ESG-Ratings sind facettenreich 

Wie facettenreich ein ESG-Rating sein kann, zeigt das Beispiel ISS ESG. Dort bewerten Analysten sowohl die Umweltarbeit als auch soziale und die Unternehmensführung betreffende Aspekte anhand von über 100 branchenspezifisch ausgewählten Indikatoren. Wer dabei besonders gut abschneidet, erhält ein „Prime“-Rating. So wie die Aareal Bank, deren Emissionen deshalb auf nachhaltig orientierte Investoren einen ganz besonderen Reiz ausüben. 

Zu dieser Gruppe gehört auch die kirchliche Pax-Bank in Köln. Das Finanzinstitut nutzt Rohdaten für die ESG-Analyse, wie der Abteilungsleiter im Asset Management der Pax-Bank, Gregor Kuhl, erläutert. In den vergangenen Jahren bezog das Institut seine ESG-Informationen vom Datenspezialisten Vigeo Eiris. Seit Anfang 2020 bevorzugt die Pax-Bank jedoch das Angebot von MSCI ESG. „Unsere Nachhaltigkeits-Rating-Agentur liefert uns im Wesentlichen Rohdaten, die wir in der Datenbank mit unseren Einstellungen selbst auswerten. Wir hinterlegen insofern unseren eigenen Wertefilter, unseren Pax-Bank-Nachhaltigkeitsfilter. So kommen wir zu eigenen Ergebnissen“, erläutert Kuhl. 

Wer heute einem ESG-Spezialisten ein Mandat gibt, sollte sich vorab Gedanken machen, was er von dem Dienstleister erwartet: Wie groß ist das Anlageuniversum, das er abdeckt? Wie groß ist die Zahl der Unternehmen und Staaten, für die man als Nutzer Ratings erhält? Wie viele Mitarbeiter beschäftigt die Rating-Agentur und welche Expertise haben diese Personen? Kommen sie frisch von der Universität? Oder sind es erfahrene Sektor-Spezialisten? Und wie gehen die Analysten eigentlich an ihre Arbeit heran?

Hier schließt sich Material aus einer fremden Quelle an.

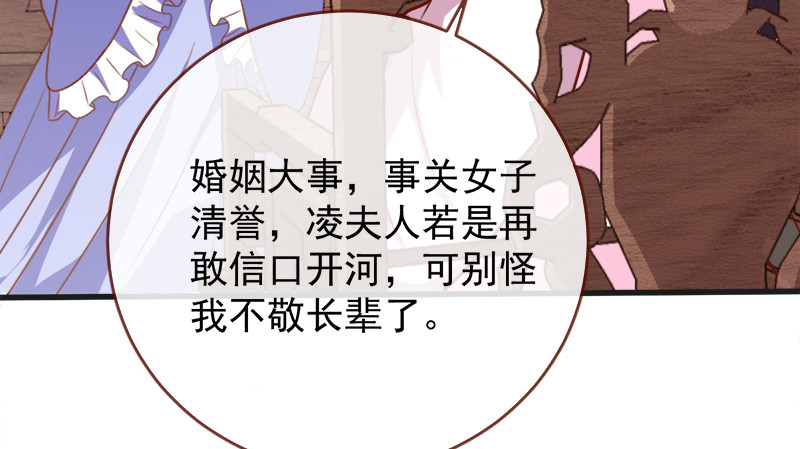 万渣朝凰韩漫全集-当场退婚无删减无遮挡章节图片 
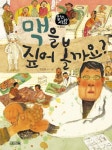 일과 사람 시리즈 대여 일과 사람 시리즈 대여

Warum Analysten zu unterschiedlichen Ergebnissen kommen 

In jüngster Zeit haben Marktbeobachter darauf hingewiesen, dass ESG-Rating-Agenturen bei ihren Analysen bisweilen zu äußerst unterschiedlichen Beurteilungen kommen. Im Februar 2020 veröffentlichte das Flossbach von Storch Research Institute eine entsprechende Untersuchung. Ein besonders krasses Beispiel, das die ebenfalls in Köln ansässige Denkfabrik anführt: Auf einer Bewertungsskala von 0 (nicht nachhaltig) bis 100 Punkten (sehr nachhaltig) bewertete MSCI ESG den Fahrzeugbauer Volkswagen im September 2019 mit sage und schreibe null Punkten, Sustainalytics vergab immerhin 19 Zähler. Von Robeco SAM hingegen gab es 65 Punkte. Ist Volkswagen nun also „nicht nachhaltig“, „ein bisschen nachhaltig“ oder „nachhaltig“? Für Flossbach-von-Storch-Analyst Kai Lehmann ist das – wie offenbar auch für die drei genannten Agenturen – Ansichtssache. 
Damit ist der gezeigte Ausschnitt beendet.